Communal cups suspended at Anglican churches amid COVID-19 outbreak
TORONTO -- Anglican churches in Toronto are changing liturgical practices to prevent the spread of COVID-19 ahead of the gathering of large congregations for Easter ceremonies.
Effective immediately, the Diocese of Toronto is suspending the sharing of communal cups at celebrations. It is also advising people to alter the Exchange of the Peace by sharing words and smiles only, as opposed to handshakes or hugs. In churches where holy water is used, the basin will be emptied after every service.
"Our normal liturgical customs are important to us, and we hope to reinstate them as soon as we are advised that the risk of transmission has been better contained," the Bishop of Toronto Rt. Rev. Andrew Asbil said in a letter to the clergy and members.
At St. Matthias Bellwoods in downtown Toronto, Reverend Canon Joyce Barnett said they have made sure hand sanitizer is readily available for congregants and have asked their cleaning staff to thoroughly clean all common surfaces.
"We have seen in other parts of the world that churches are places of transmission," Rev.

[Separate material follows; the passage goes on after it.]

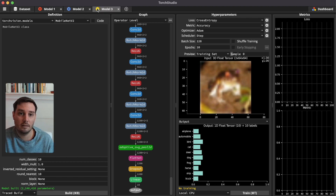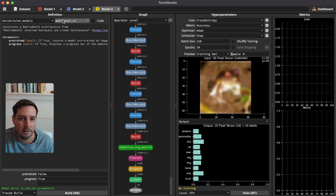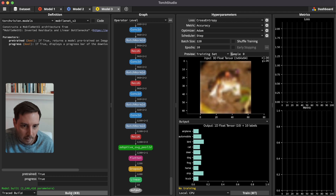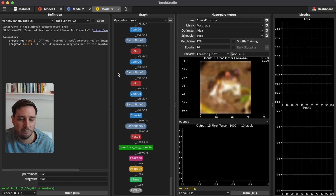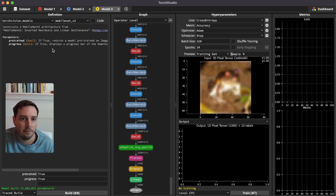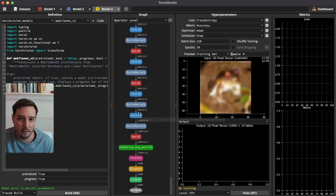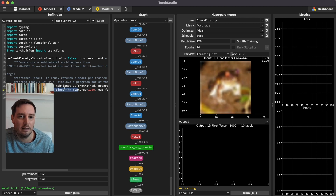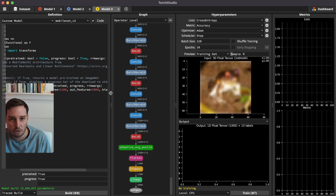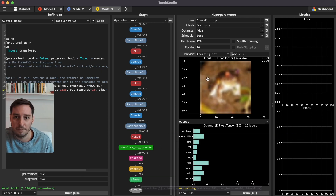Let's add a third model — this time the pretrained MobileNetV2. Set pretrained to true and build it. To change the output, since we can't set it in the parameters for the pretrained version, we click on code, click on the last linear layer to insert it into the code, and change the out_features to 10. Click build again, and in the graph you confirm the output is now 10. Set the hyperparameters and click train.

Barnett said. "People come from all over the place and gather in groups and so why not put guidelines in place early so that we're ready."

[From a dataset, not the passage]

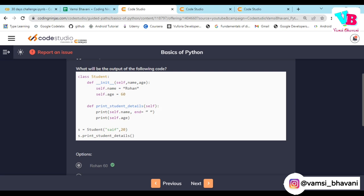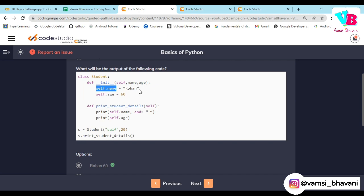First question: what will be the output of the following code? There is a class, a constructor, and a function which is printing some details. So s is equal to Student with 'Syfe' and 20 passed. When the Student object is created, the constructor is called with 'Syfe' and 20. But what happens is — the passed name is not assigned to self.name. We are using default values instead of the passed parameters. So 'Rohan' and 60 will be printed, not 'Syfe' and 20, because we did not assign the passed values.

Meanwhile, the Catholic Archdiocese of Toronto said it is not changing its practices at its more than 200 parishes ahead of Easter next month.
"We consulted with health officials and we decided at this time, we want to be prudent, but we don't want to panic," Neil MacCarthy, director of communications for the Archdiocese of Toronto, said.
In a memo to its members Tuesday, the Archdiocese of Toronto said "Regarding liturgical practices, local health officials have indicated that it is not necessary to alter current practices at this time. Parishes should ensure that those distributing communion wash their hands or use hand sanitizer before and after the distribution of communion.”
MacCarthy told CTV News Toronto they are consulting with Toronto Public Health several times a week, and referred to the latest communication from the medical officer of health.
"I continue to be asked if we would consider recommending postponement of events or limiting places where people gather in large numbers," Dr. Eileen de Villa, medical officer of health, wrote in a March 2 statement.
"These are significant measures that must be assessed, evaluated and taken only after we balance preventing the spread of infection with the need for people and communities to function."
"At this time, we are not recommending these approaches, but examples such as limiting non-essential public gatherings are public health measures that can be used to further protect our community, if our local situation changes."
MacCarthy recalled the changes made to their practices during the SARS outbreak in 2003. "We're not at that point yet. If we do talk to our colleagues at [public] health and feel we need to elevate the measures, we're certainly prepared to do that."